来年は、経済的に「世界最大の花」が結実するサインかもしれない。
毎日新聞は2023年12月13日に、茨城県つくば市の国立科学博物館筑波実験植物園で、インドネシア・スマトラ島に自生するサトイモ科の植物ショクダイオオコンニャク(Amorphophallus titanum)の花が咲き。国内初の実がついたと報告した。
私はフランクフルトの植物園で花が咲いたという記事は読んだことがあるが、実は知らなかった。
日本名も知らなかった。
なんと蒟蒻の一種か〜中部地方では、味噌蒟蒻おでんに山椒をかけると風邪薬になると言われ、子供ん頃から風邪をひくと、冬にお菓子屋さんの店先で煮ている味噌蒟蒻おでんを食べていた。
一つの花のように見えるが、小さな花がたくさん集まった「花序」で、高さ約3m、直径約1mの大きな花を咲かせる。
最初に雌花が咲き、枯れた後に雄花が咲くため自家受粉できない。更に開花は数年に1度の2~3日で時期もさまざまなため、国内では他の株から受粉できたためしもなく、人工授粉に成功した例もない。
10株以上を育てる筑波実験植物園でも、一つの株が2012年から時折咲くのみ。
雄花から集めた花粉を数年後に咲いた雌花に付けたり、他園が数カ月前に採取した花粉で人工授粉を試みたりしたが、全て失敗してきた。
堤千絵研究主幹(46)は「同じ個体の花粉では受粉しないのか、花粉に寿命があるのか理由は分からない」と言う。
それが2023年05月19日、小さめの株が初めて開花。
そして8日後、常連株も6回目の花を咲かせた。堤さんは「きまぐれな植物が同じタイミングで咲いてくれたのはすごいことだ」と声を弾ませる。
堤千絵研究主幹ら職員3人で2023年05月20日に一つ目の花から花粉を採取し、2023年05月27日に二つ目の花に人工授粉した。
いずれの作業も生ごみのような悪臭が漂う中で行われた。
というのも、臭気を放って動物の死体にわくシデムシをおびき寄せ、受粉を助けてもらおうとするのがショクダイオオコンニャクの特性だという。
この花が臭いのは有名である。
新宿の新宿御苑でも咲いたと大騒ぎになったことがあった。
「世界最大の花」とも言われることで有名なもう一つの花ラフレシアも臭いことで有名である。
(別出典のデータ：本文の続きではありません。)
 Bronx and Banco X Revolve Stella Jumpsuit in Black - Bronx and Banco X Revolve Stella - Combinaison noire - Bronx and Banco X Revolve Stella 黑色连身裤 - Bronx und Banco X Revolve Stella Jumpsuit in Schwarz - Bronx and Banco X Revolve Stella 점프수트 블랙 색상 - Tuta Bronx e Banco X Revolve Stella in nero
2023年05月27日夜は、長さ約30センチの針金に綿棒を付けた手作りの「花粉スティック」で雌花一つ一つに花粉を付けるのに1時間ほどかかり、服にも臭いが染み込んだ。
これを書いている私は、味噌蒟蒻おでんに山椒をかけて食べている。
来年は、世界中で経済的に「世界最大の花」が結実することを祈る。
そして、みんなで味噌蒟蒻おでんに山椒をかけて食べてみたい。
糞まみれのようなような作業の結果、結実した。